▸ **Task to complete**:
Among the entries below, find the line with "A Berry Sweet", then quote it and each following line up to and including the line with "Gold-Toned Pearl-Encrusted Safety", and nothing else.

▸ **Excerpted data**:

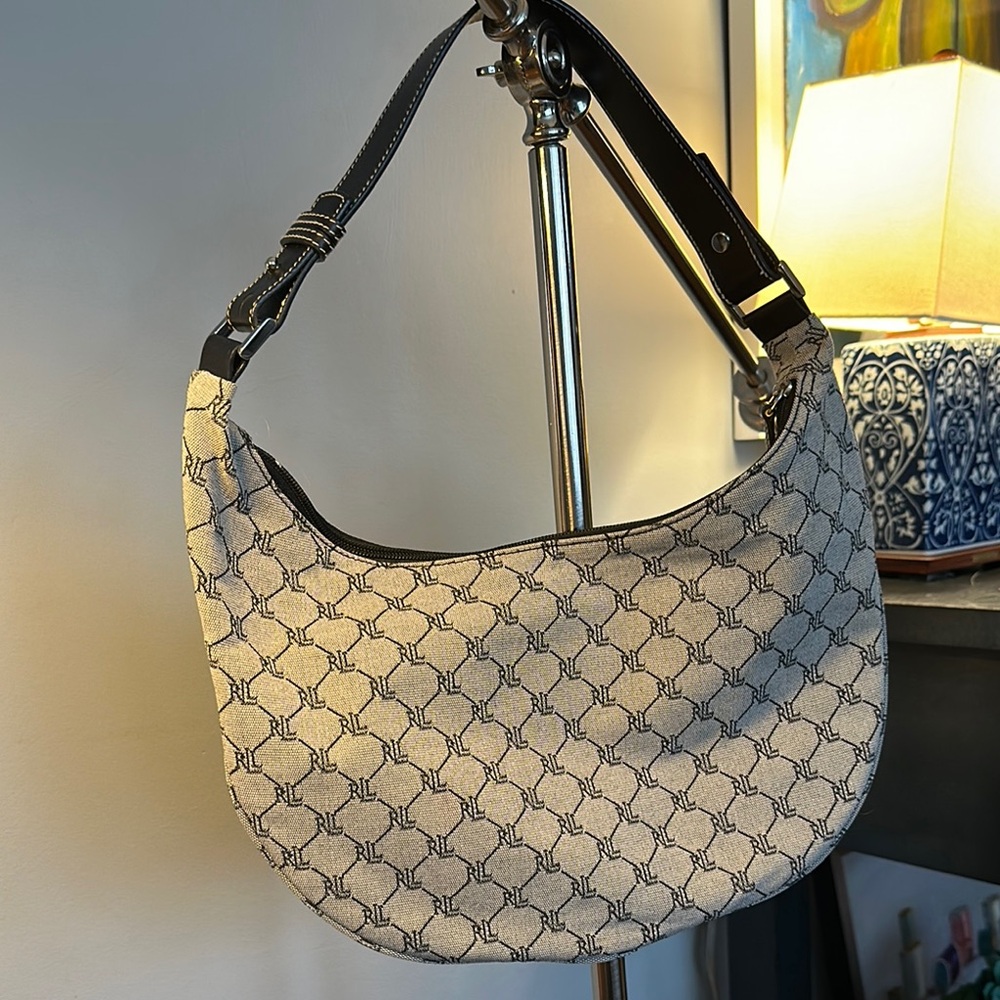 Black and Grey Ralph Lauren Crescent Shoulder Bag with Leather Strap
* * *
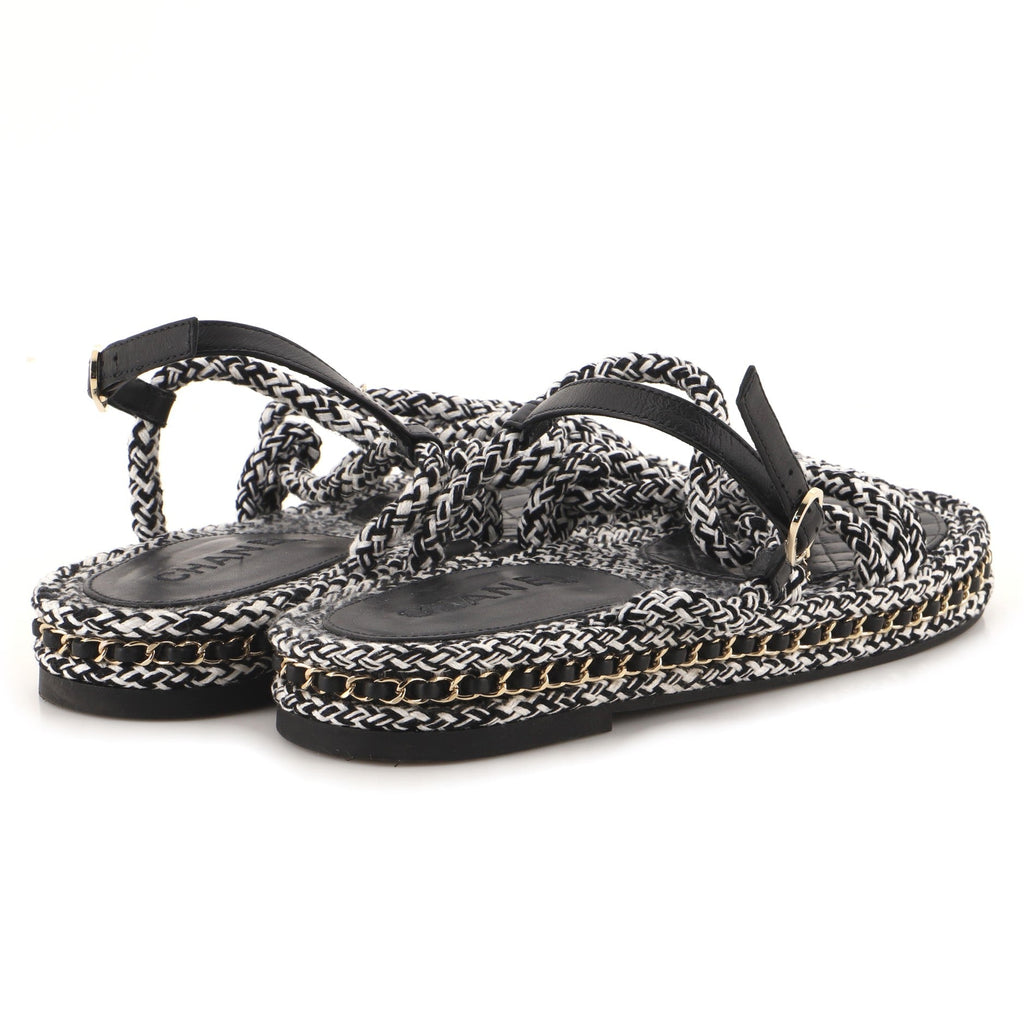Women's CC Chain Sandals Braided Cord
* * *
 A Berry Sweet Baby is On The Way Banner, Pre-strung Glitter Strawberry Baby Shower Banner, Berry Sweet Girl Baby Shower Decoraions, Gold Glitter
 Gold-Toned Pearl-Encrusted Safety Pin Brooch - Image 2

▸ **Solution for this task**:
 A Berry Sweet Baby is On The Way Banner, Pre-strung Glitter Strawberry Baby Shower Banner, Berry Sweet Girl Baby Shower Decoraions, Gold Glitter
 Gold-Toned Pearl-Encrusted Safety Pin Brooch - Image 2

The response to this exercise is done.